Ms. Horn wonders why other cases of domestic terrorism, like against black churches or nightclubs, aren't similarly "contextualized" in an attempt to explain what motivated the murderer. And she muses further that "Like many homeowners, I too have been approached by real estate agents asking me if I wanted to sell my house. I recall saying, no, although I suppose murdering these people would also have made them go away."
That dagger of a comment is one of many marvelously acerbic observations in Ms. Horn's book.
Like her further observation on the Jersey City massacre, that when it comes to identifiably Jewish Jews, the crime for which they are persecuted, even killed, is the sheer audacity of "Jews, living in a place!"
Or like the story she tells at the book's beginning, about the Anne Frank museum in Amsterdam, about an employee who donned a yarmulke one day and was told to cover it with a baseball cap.
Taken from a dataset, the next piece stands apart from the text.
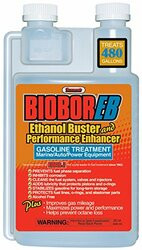 BIOBOR208-BBEB32EZ01US BIOBOR EB GAS ETHANOL ADD 32OZ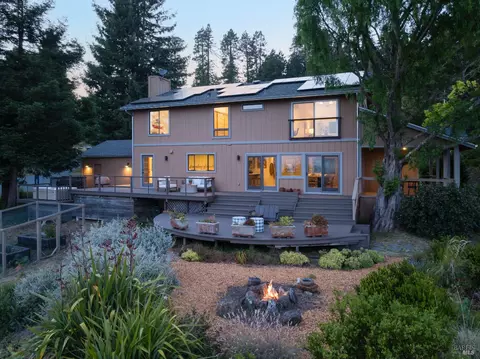 Other - 3977 Docs Ranch Rd, Occidental, CA 95465 photo 12 of 13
The museum relented after four months' deliberation, which, Ms. Horn writes, "seems like a rather long time for the Anne Frank House to ponder whether it was a good idea to force a Jew into hiding."
Zing.
Anne Frank inspires a further observation from Ms. Horn, about the most famous quote from the young girl's diary, "I still believe, in spite of everything, that people are truly good at heart."
Ms. Horn: "It is far more gratifying to believe that an innocent dead girl has offered us grace than to recognize the obvious: Frank wrote about people being 'truly good at heart' three weeks before she met people who weren't."